# Tangley Place/MAFF April 2009



## beccy (Apr 13, 2009)

I have lived about 10 mins from this for 19 years and have never been in because of the fences etc but have always wanted to. About a month ago, I noticed a way in so recently went for it with my friend Jo (not a member)

I also have seen that there are some reports already ... but this is the most up to date I have seen (and it's my first ever so be nice )
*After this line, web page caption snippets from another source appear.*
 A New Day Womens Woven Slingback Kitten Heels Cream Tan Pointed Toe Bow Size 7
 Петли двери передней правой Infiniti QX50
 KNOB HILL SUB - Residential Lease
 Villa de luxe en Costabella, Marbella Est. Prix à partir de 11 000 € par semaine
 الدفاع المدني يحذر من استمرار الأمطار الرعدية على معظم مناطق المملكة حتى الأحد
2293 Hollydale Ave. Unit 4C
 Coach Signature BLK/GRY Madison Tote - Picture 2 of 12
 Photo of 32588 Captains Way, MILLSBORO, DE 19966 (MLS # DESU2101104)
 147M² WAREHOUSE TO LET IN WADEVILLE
There have been six fires in all with the last one about a year ago as far as I know.
Anyway I took about 100 pictures so picked out 20+ of the good ones and the rest can be found here:

http://s680.photobucket.com/albums/vv165/bex_urbex/

1. The outside of the house from the back 






2.This was the great site that greeted us as we walked all the way to the bottom of the garden and turned around to go back into the house





3. This is one of the first things we saw inside the house and I have no idea what is is





4. One of first accessible rooms around the back/side where we found 2 filing cabinet things, and the key cupboard (no keys )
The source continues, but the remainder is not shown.